Saturday 14 February 2015

Across the Dead Earth and Spectre: Operations goodies

In lieu of doing any actual work (although I have made progress on various painting queue malingerers) I bring you what is essentially a text version of those obnoxious YouTube unboxing videos. Mind you, everyone and their mums has done a goodies review for AtDE, I just didn't want to be left out.

The AtDE moulds are pretty good, zero flash, lines or irritatingly uneven bases. The sculpts are, overall, pretty good. The guns are pretty cartoony and there are some weird proportions, particularly with regards to the noodly arms of snipers.

And whatever SMG type thing the guy on the left is holding.
 The fellow below is the goofiest of the bunch.
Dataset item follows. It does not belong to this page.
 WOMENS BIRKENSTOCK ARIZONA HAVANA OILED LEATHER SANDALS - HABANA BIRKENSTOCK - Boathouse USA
I don't know what that pose is, it looks like he's been startled by the photographer and is in the process of dropping his gun.

Either that or he likes the comforting knock of a gun barrel against his knees when he runs...
Despite the oddities, a pretty good haul, looking forward to whatever else they produce.

I also finally received my Spectre: Operations miniatures. Admittedly the package was missing a few items and had a few that I didn't order, but the manufacturer's been having trouble, including with shipping and I'm expecting replacements soon.

In this case, it's all about the guns. It's clearly where the majority of their effort went. They're in scale, they're very detailed and they're all very, very bendy. I think the problem with realistically scaled firearms is that the barrels are incredibly weak. While none of them have broken, I had to bend literally all of them back into position. Even so, I've never seen sharper metal casts.

Oh, and they all come in these dinky little boxes. Note to manufacturers, dinky little boxes are awesome!


I don't always fire my weapon, but when I do I blindfire my weapon. Always.

 That's not to say they're perfect. It looks like the sculptor while excellent at weapons, is not to great a faces, which range from good to 'The Innsmouth Look.' I think the main problem is the ways he's sculpted eyes with pronounced eyelids of all things, which makes them look like they suffer from something nasty.

Case in point... The figure on the right. The figure on the left is actually pretty sweet!
The rules for both systems haven't evolved since I first reviewed them. Spectre: Operations is still poorly thought out but pretty and AtDE is still lacking editorial oversight, but fun.

While Spectre: Operations came as an incredibly printer unfriendly pdf, AtDE came, as promised, as a natty little rulebook. At first I was a little underwhelmed, as I compared it to the sumptuously produced full A4 Deep Wars rulebook (which I also got through a Kickstarter campaign) then I realised that AtDE is nowhere near as bloated and rules heavy as Deep Wars, and it would never be worthwhile to produce such a large book.

My AtDE haul has also yielded a rather nice resin post apocalyptic bar - which I haven't put together as I have a moratorium on making terrain, at least until I have my own place - and a pdf novella - which I haven't read as I've just started a part time MSc which is taking up rather a lot of my time.

Not so much time, I hope, that I won't be able to knock out at least one set of miniatures by the end of the weekend, however.